[DATA SUPPLIED — start]
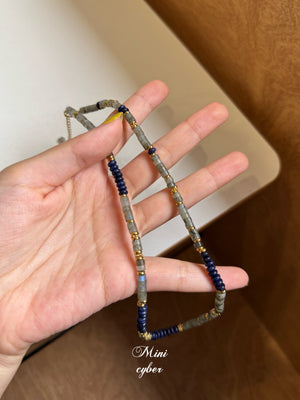 Autumn Sky Blue Bead Chain Necklace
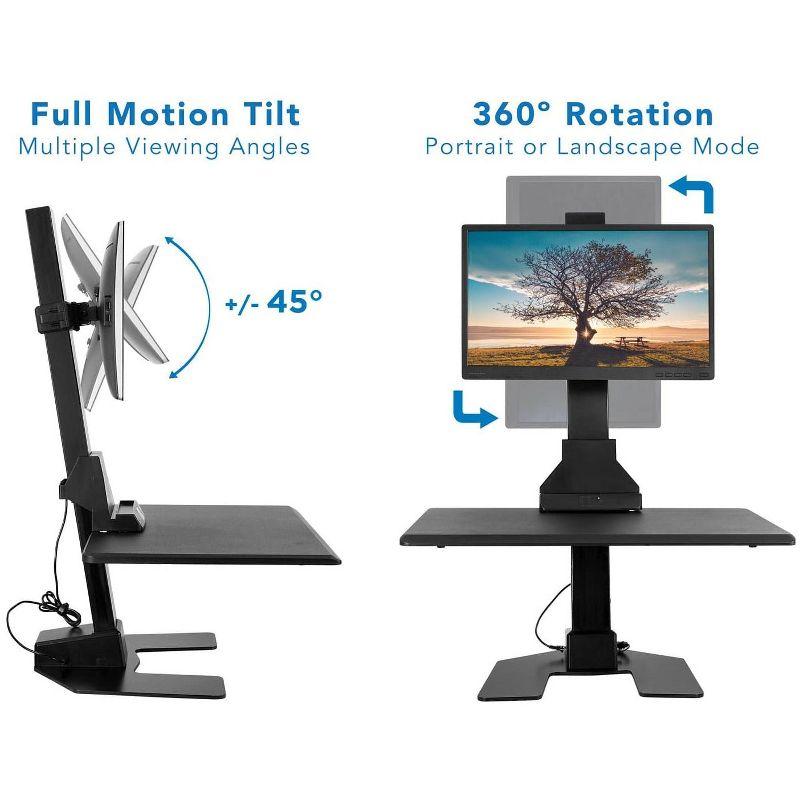 Mount-It Electric Standing Desk Converter, Tabletop Stand Desk w/ Monitor Mount, 28" Wide Platform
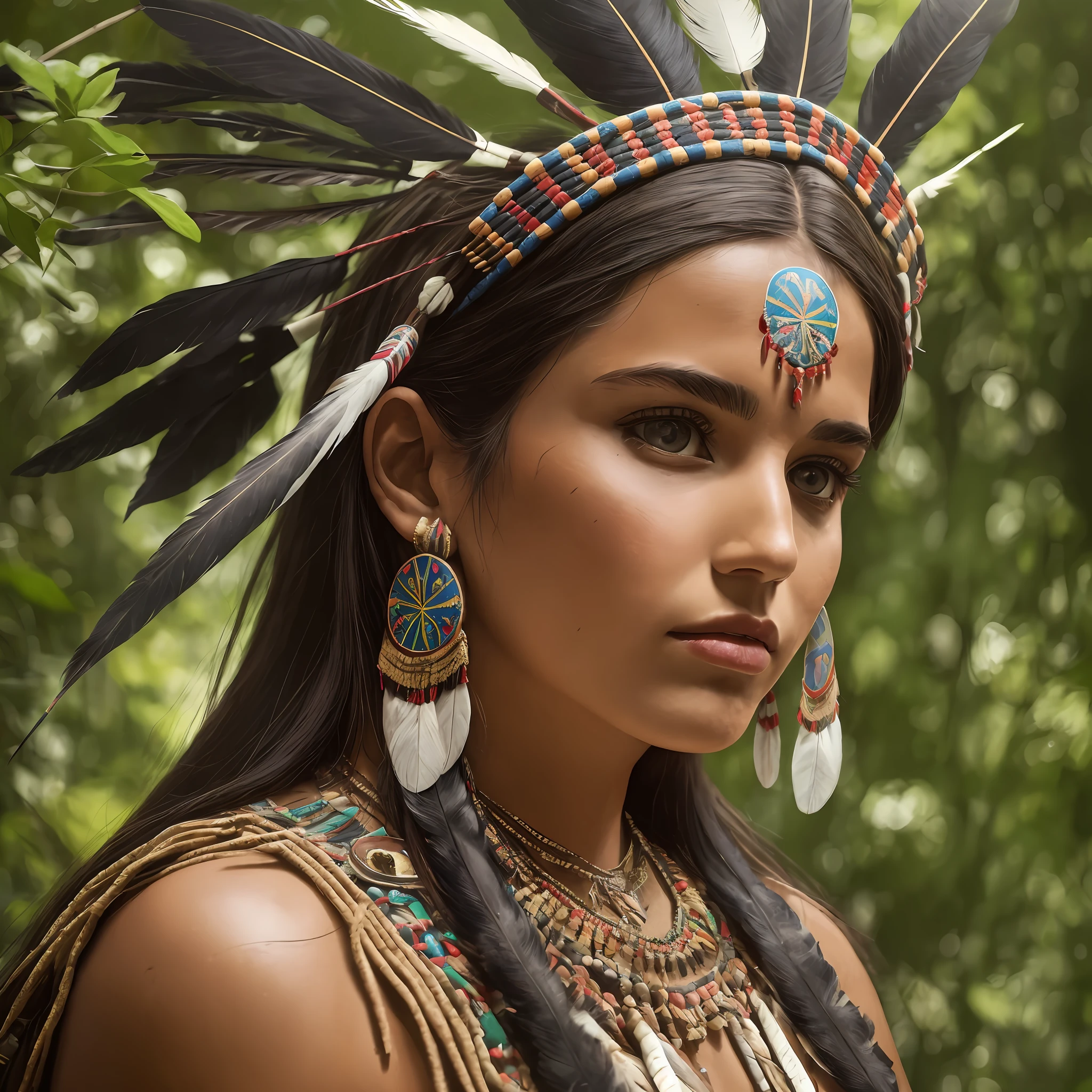 Woman of 28 years South America, perfect face looking at the orisonte with a small scar on the Buchecha, long dark hair catanho with, indigenous feathers on the head (large feathers) made up with Mexican skull, indigenous necklaces medium breasts half neckline, rustic cloth covering part of the body indigenous painting on the left arm, background with half dark forest nature with lots of life, Ultra 8K High Resolution Image Best Image --auto --s2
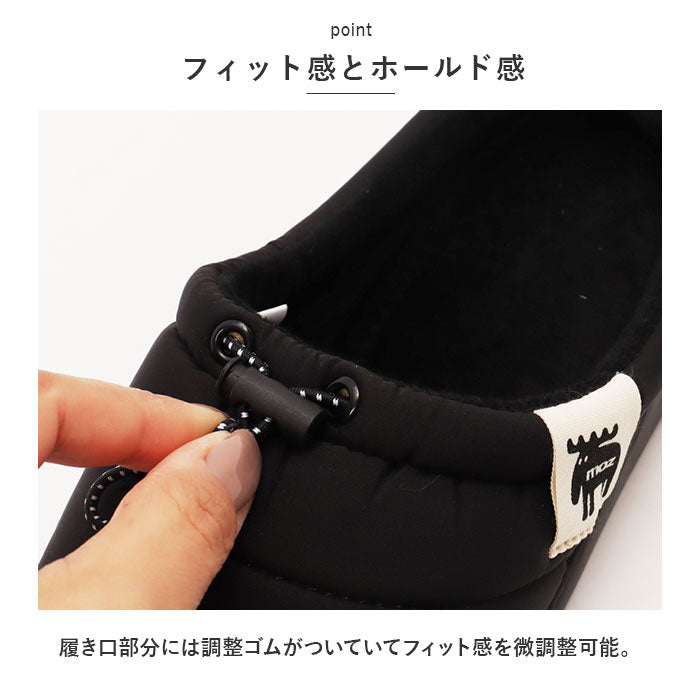 【ブラック・Mサイズ(23.5cm)】 moz モックシューズ 通販 モズ シューズ スリッパ サンダル サボサンダル サボ スリッポン 秋 冬 暖かい キルティング 冬用サンダル 防寒 冬用 かわいい お出かけ 外履き アウトドア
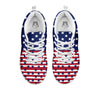 USA Blue And White Star Print Pattern White Sneaker-grizzshop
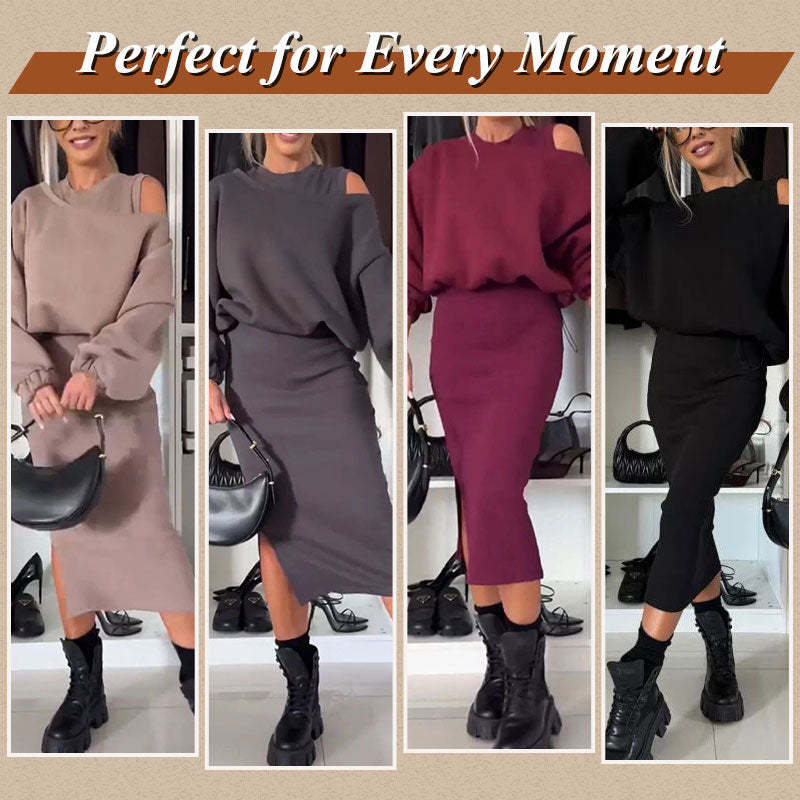💖Limited Sale 50% OFF💖🍂Women's Slanted Shoulder Sweatshirt & Sleeveless Dress Set🌸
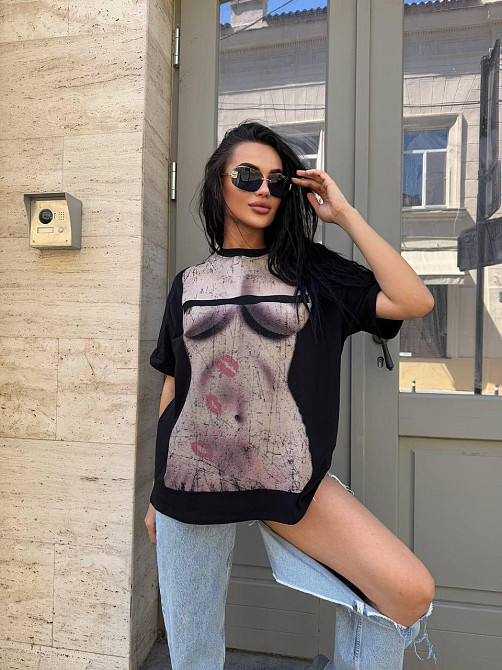 Женская стильная оверсайз футболка с накатом турецкий кулир Одесса - изображение 2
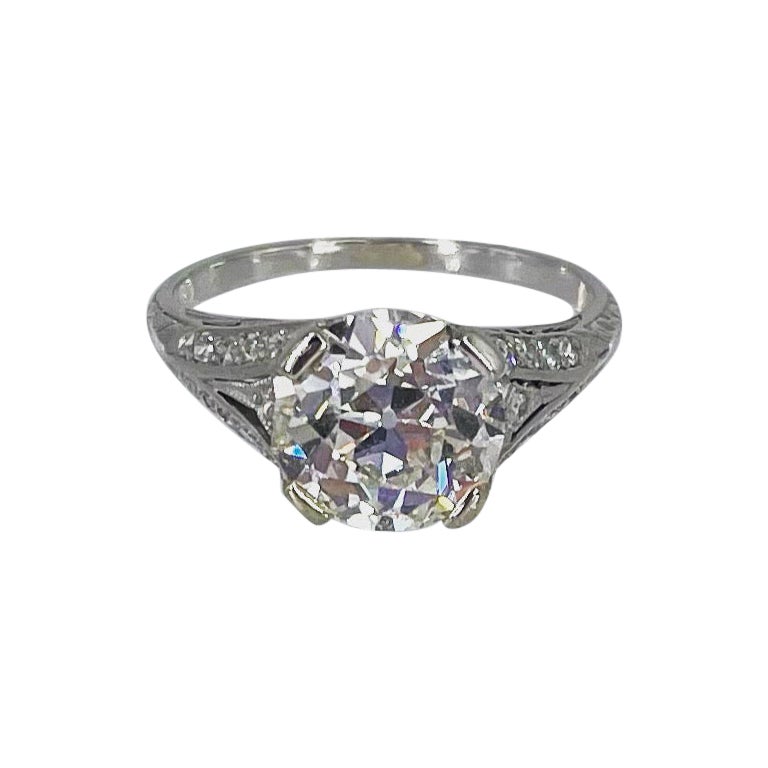 2.58 carat Antique European Cut Diamond in Original Art Deco Filigree Ring For Sale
[DATA SUPPLIED — finish]
ASSIGNMENT: Starting with the line that contains "Женская стильная оверсайз", print every line through the end of the data exactly as written; omit all pictures and add nothing else.

RESPONSE:
 Женская стильная оверсайз футболка с накатом турецкий кулир Одесса - изображение 2
 2.58 carat Antique European Cut Diamond in Original Art Deco Filigree Ring For Sale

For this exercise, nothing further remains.